Display Over, GOP Faces True Test of Its Diversity

Republicans: Electing more minorities and women to Congress is now a key challenge for the party.

August 04, 2000|NICK ANDERSON | TIMES STAFF WRITER

PHILADELPHIA — It was easy for Republican leaders to put women and minorities onstage for the television audience during this week's national convention. Now comes the hard part: giving the party a more diverse face where it really counts, on Capitol Hill.

The numbers are telling. Of 277 Republicans in the House and Senate, only 20 are women. Four are Latino, one African American and one Native American. None is Asian American.

GOP strategists say they hope this year to make a few gains. Indeed, two of the party's stronger House candidates are black women: Joan B. Johnson in New York and Jennifer Carroll in Florida.

But even in an optimistic scenario for the November election, the party would add only three or four women, one or two Latinos and one or two black lawmakers to their ranks in Washington.

"You don't change the world overnight," conceded Rep. Thomas M. Davis III of Virginia, chairman of the National Republican Congressional Committee. He sizes up this year as a "status-quo election" for Congress, in which the two major parties battle over a few dozen seats as Republicans defend slim majorities in the House and the Senate.

Democrats, who historically have wielded great power among racial and ethnic minority communities, count 56 House members and senators among their ranks who are black, Latino or Asian American. And in the two chambers, 48 Democratic lawmakers are women.

But Republicans say they are starting to make inroads as their presidential nominee, Texas Gov. George W. Bush, crafts a message of inclusion.

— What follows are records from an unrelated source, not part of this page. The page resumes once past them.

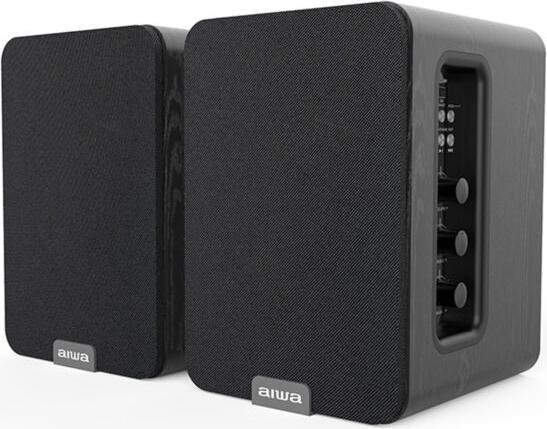 Image du produit Aiwa Paire d'enceintes actives ASP-A200, noir (1 paire, 25 W)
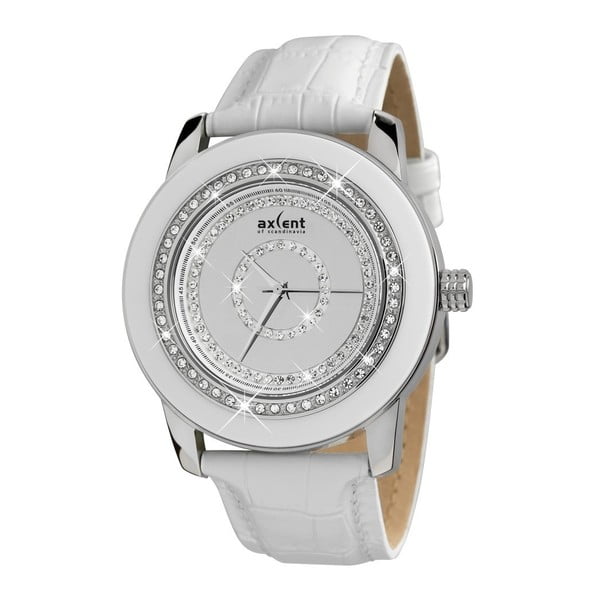 Bílé dámské hodinky Axcent od Scandinavia Sparkle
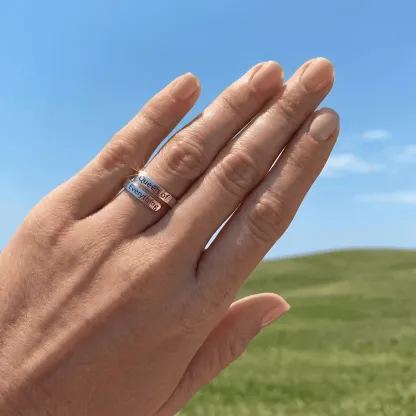 Queen of Everything - Minimalist Ring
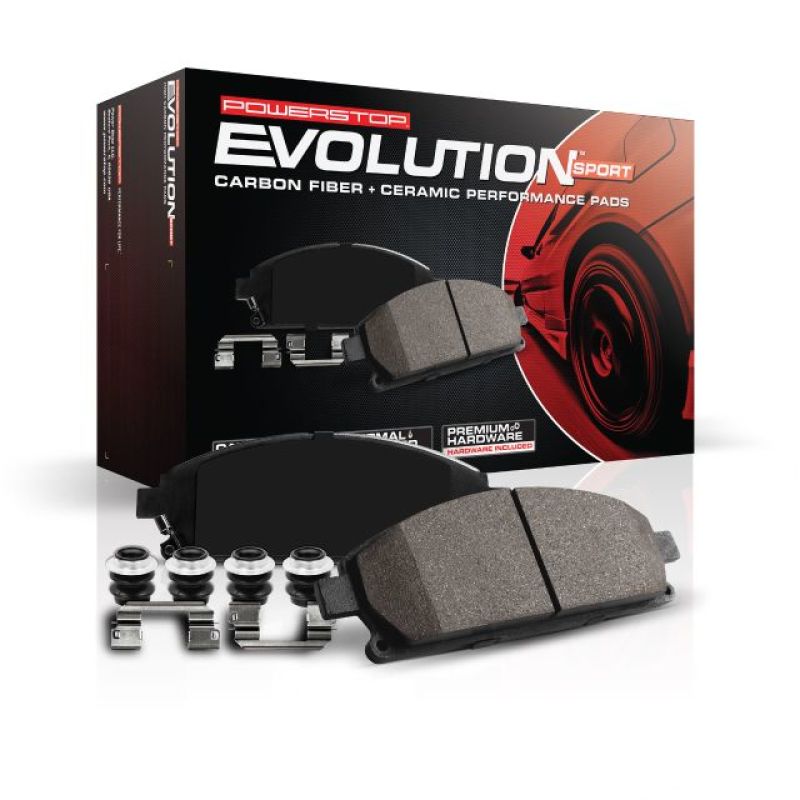 Power Stop 2002 Ford E-550 Super Duty Front or Rear Z23 Evolution Sport Brake Pads w/Hardware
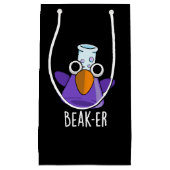 Petit Sac Cadeau Beak er Funny Chimie Pun Dark BG (Devant)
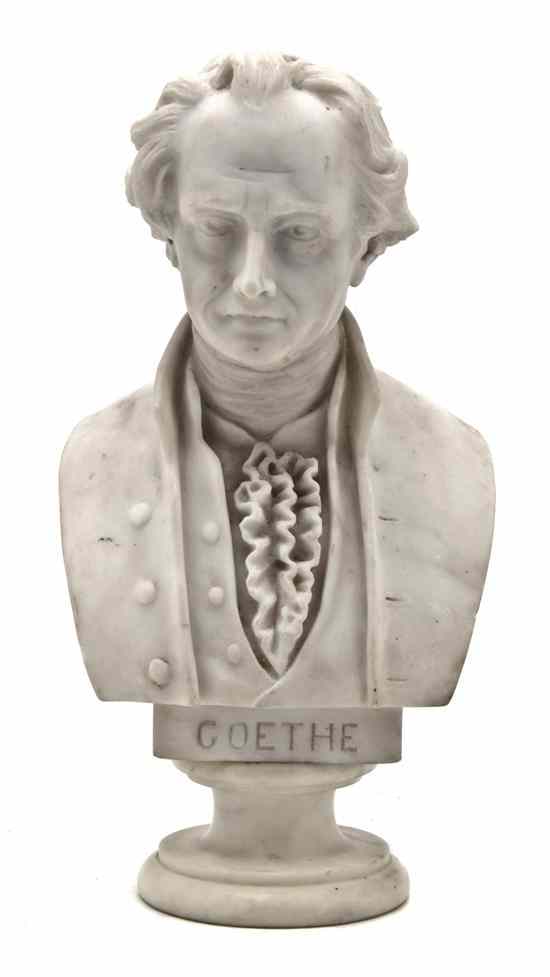 Appraisal: An Italian Marble Bust R Battelli th century depicting Goethe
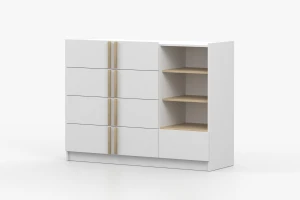 SAVI 5S commode 135 cm breed, 5 lades, SAVI-collectie Kinder Meubels 24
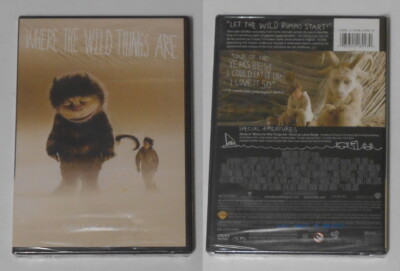 Where the Wild Things Are movie  Catherine Keener, Mark Ruffalo - sealed U.S dvd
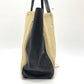 CELINE Cabagazette handbag tote bag, linen, women's, beige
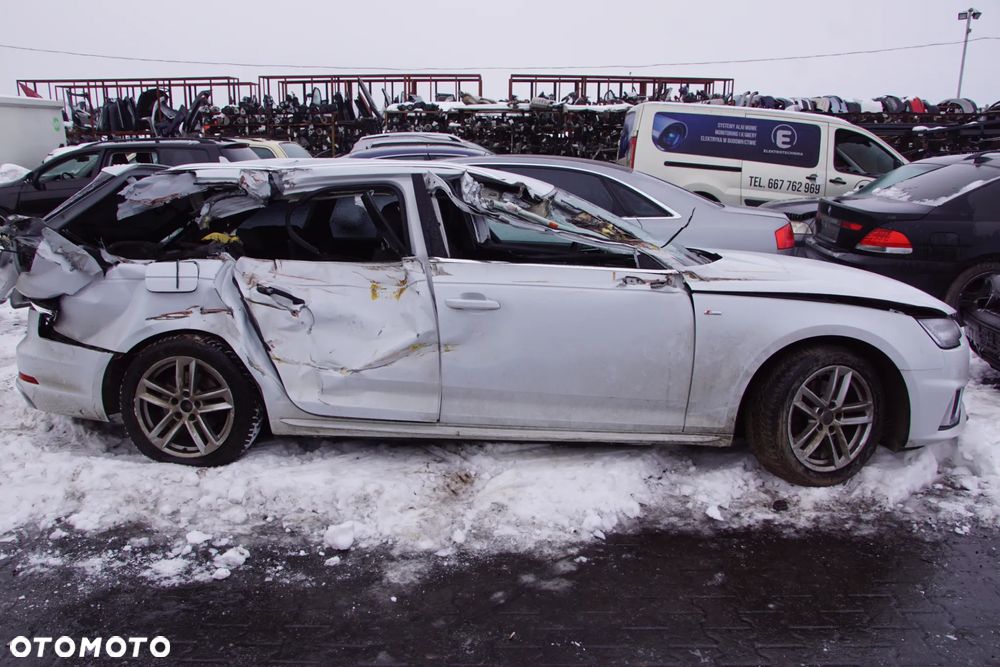 Auto na części - Audi A4 B9 S-Line 2.0 TFSI 190 KM DLVA TFE LS9R 2018R Silnik Skrzynia Drzwi Błotnik Zderzak Klapa Lampa Lusterko Szyba Deska Kokpit Sterownik Moduł Czujnik Licznik Wyświetlacz Panel Kierownica - 3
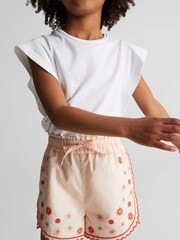 Reiss Orange Luna Junior Embroidered Shorts - Image 1 of 5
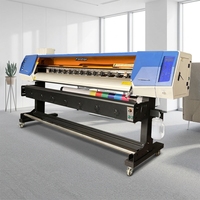 Impresora Eco Solvente de 1.8m con Cabezal de Impresión XP600, Plotter de Inyección de Tinta Digital para Impresión de Lonas Flexibles, Pancartas y Material para Exteriores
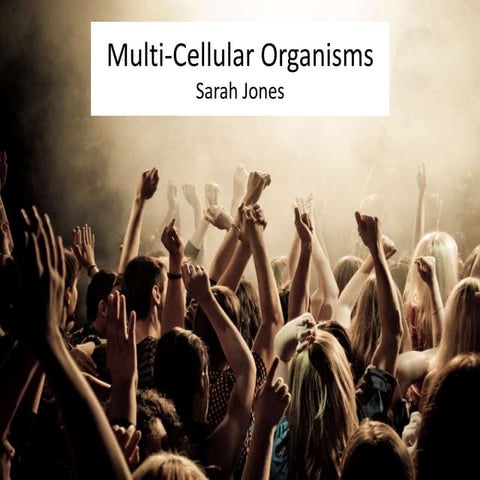 Multi-Cellular Organisms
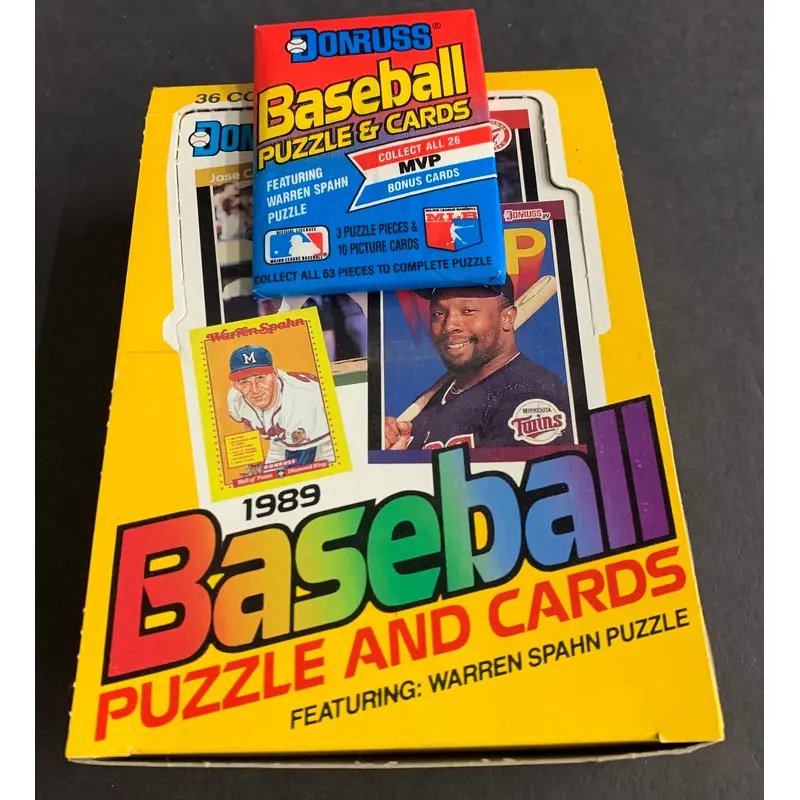 1989 Donruss Baseball Unopened Wax Box (Canadian)
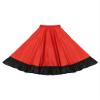 Eandarui Kids Girls Spanish Bull Dance Skirts Flamenco Performance Costume Big Swing Folkloric Mexican Dancewear Red A 3-4 Years view 1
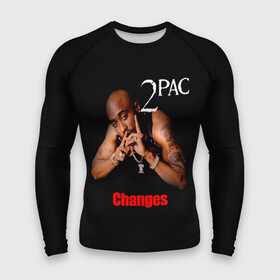 Мужской рашгард 3D с принтом 2pac в Новосибирске,  |  | 2pac | changes | nigga | oldschool | pac | rap | нигга | олдскулл | пак | рэп | тупак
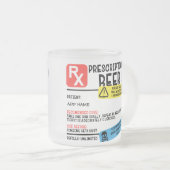 処方箋おもしろいビアマグ フロストグラスマグカップ (正面右)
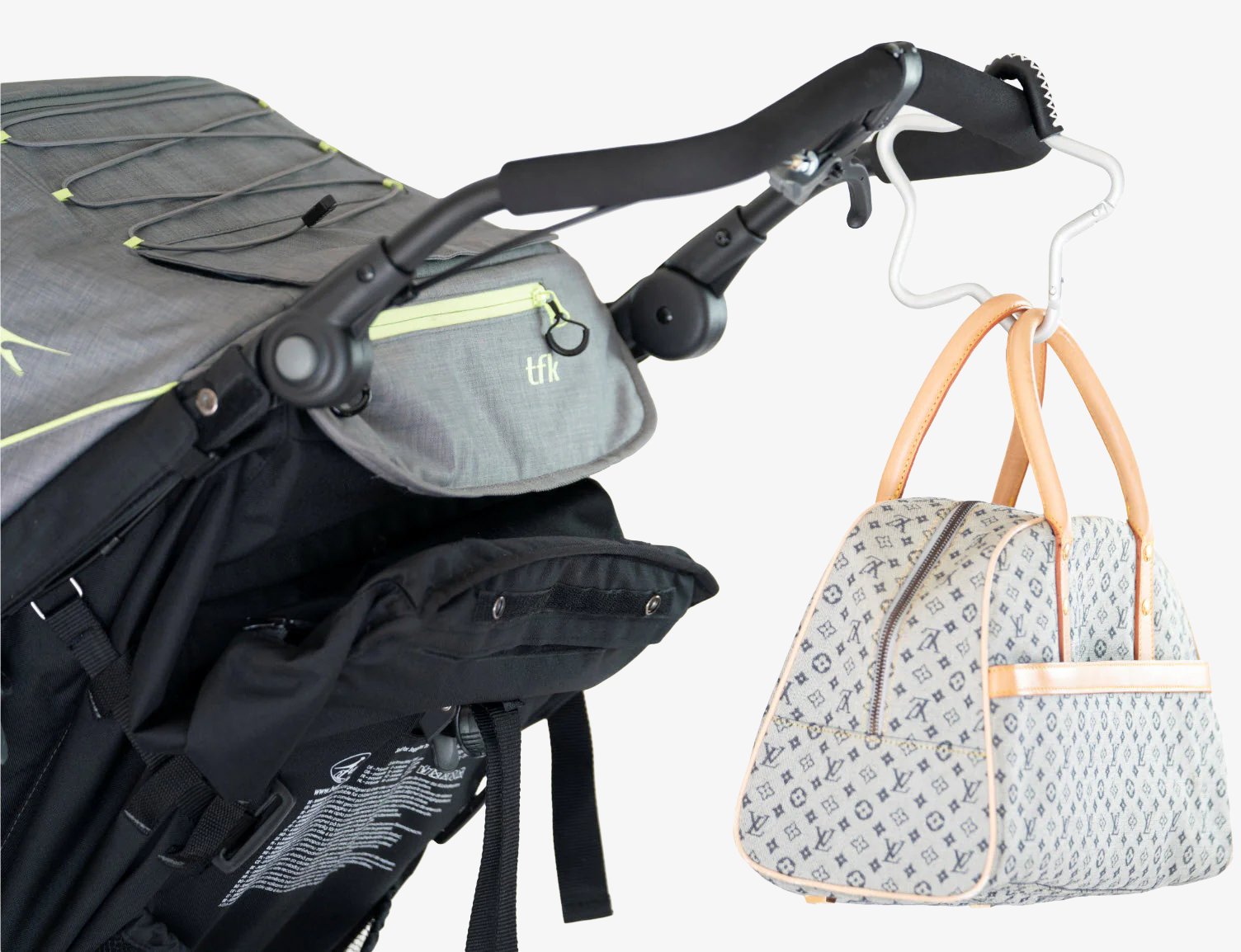 וו תלייה כוכב כסף/שחור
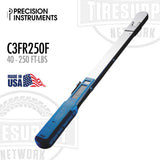 Precision Instruments PIC3FR250E | 1/2″ Drive Torque Wrench - Split Beam - 40-250 ft-lbs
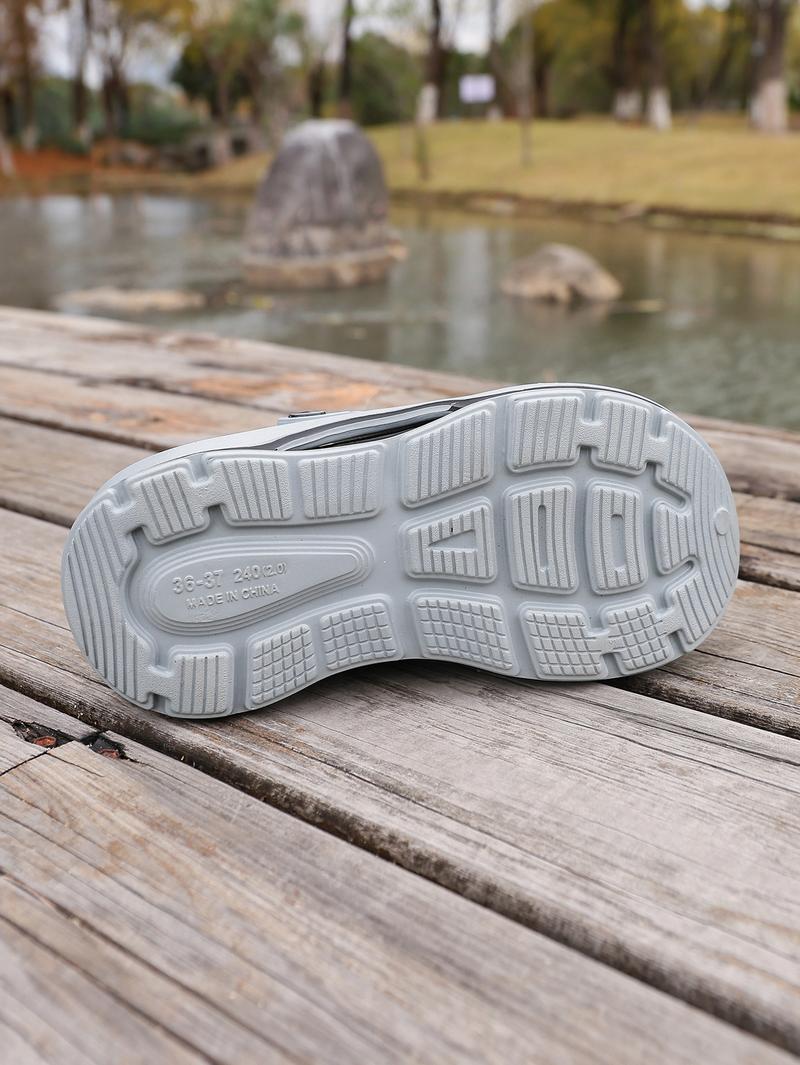 Ubetif Summer Women's Clogs Outdoor Thick Sole Non-Slip Odor Resistant Durable Quick Drying Soft Beach Sandals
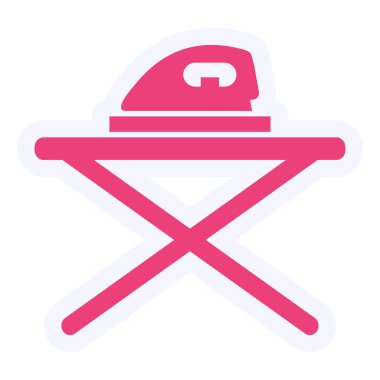 Iron Table web icon vector illustration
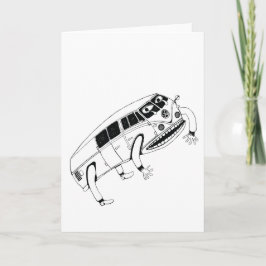 ジャンピングコムビバンイラストレーショングリーティングカード カード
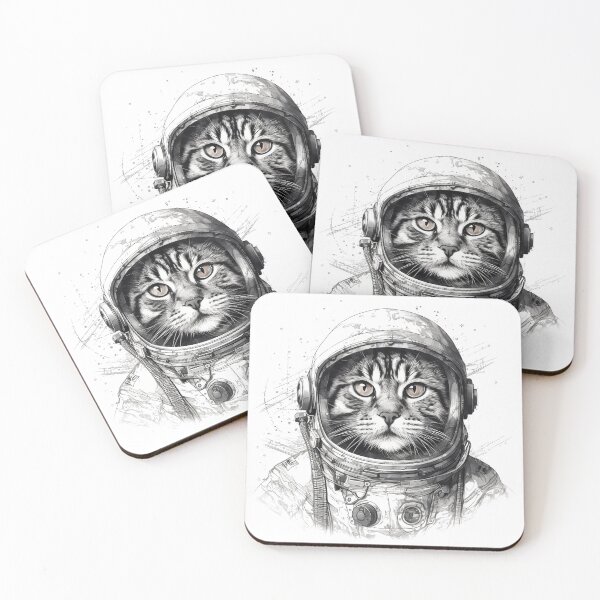 Item preview, Galactic Cat: Minimalist and Space Style. designed and sold by Casanova Originals.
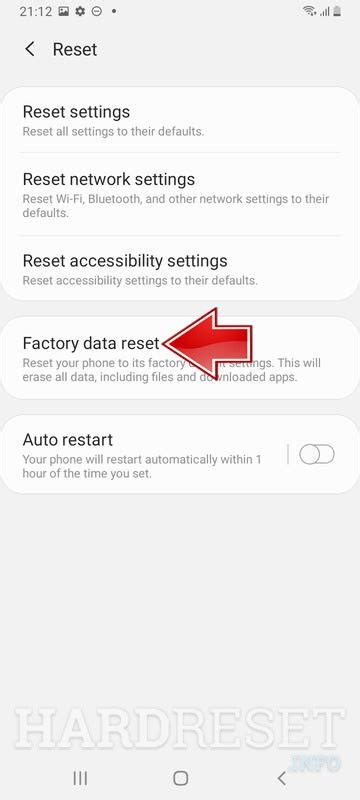 How To Factory Reset Samsung Galaxy A10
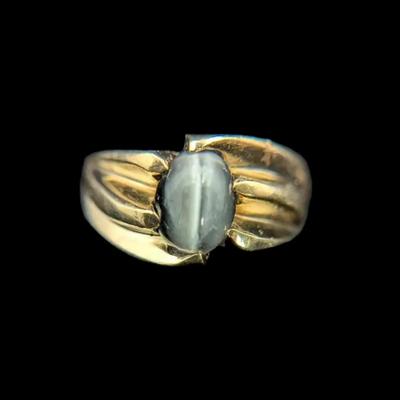 10K Yellow Gold Cat's Eye Ring, NAGL #1225528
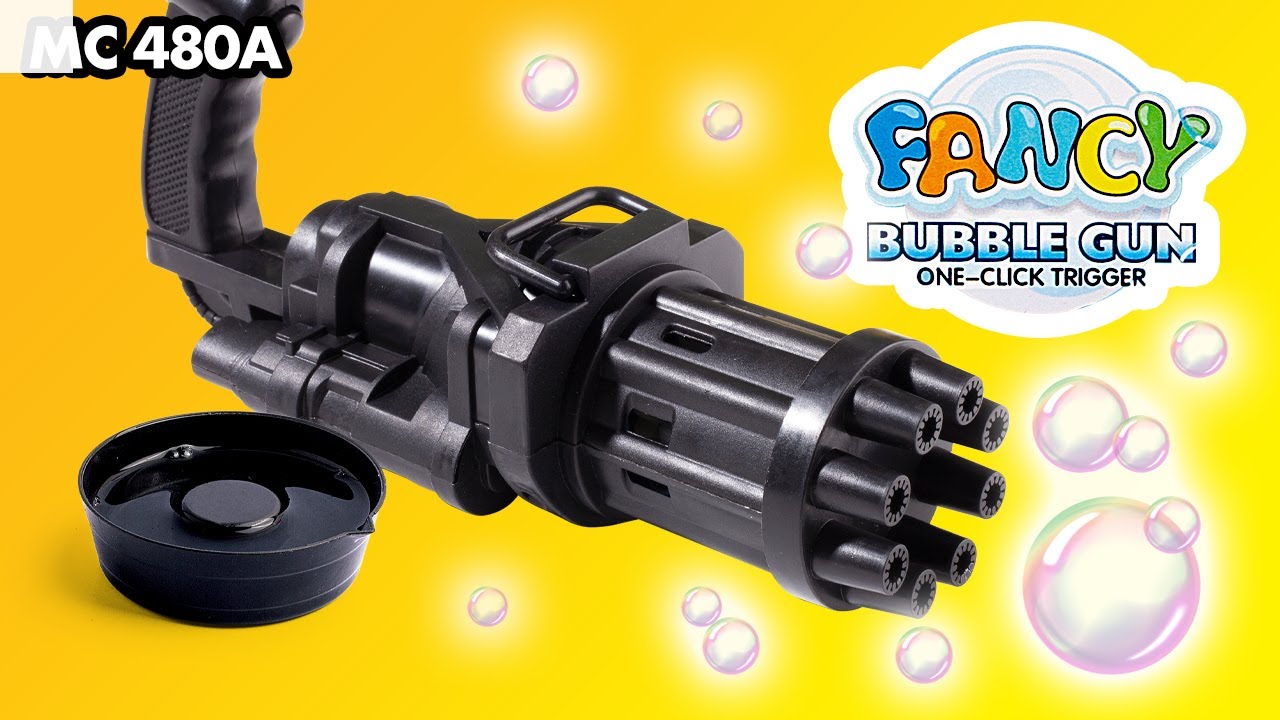 Fancy Bubble Gun One Click Trigger | MTC Toys Official - YouTube
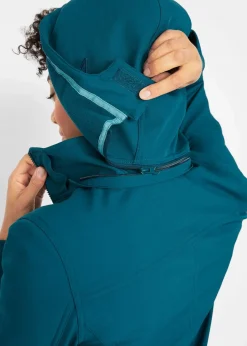 bonprix Bekleidung·Hosen|Jacken & Mäntel^wasserabweisender Softshellmantel blaupetrol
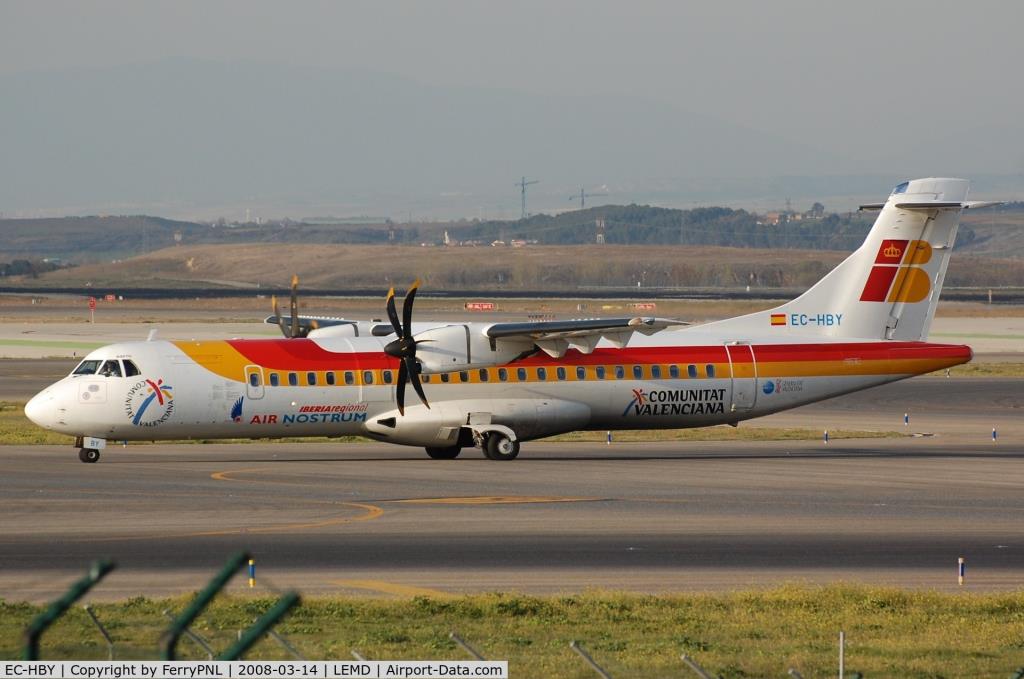 Photo of aircraft EC-HBY operated by Air Nostrum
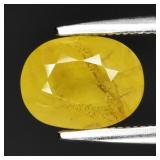 2.17ct 8.3x6.3mm Oval Yellow Sapphire - Africa Gem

To drive the point home, the GOP convention featured three marquee players: Rep. J.C. Watts Jr. of Oklahoma, the sole African American Republican in Congress; Rep. Henry Bonilla of Texas, a Mexican American; and Rep. Jennifer Dunn of Washington. The trio took turns with the gavel as convention deputy co-chairs, giving them significantly more camera time than several more influential GOP lawmakers.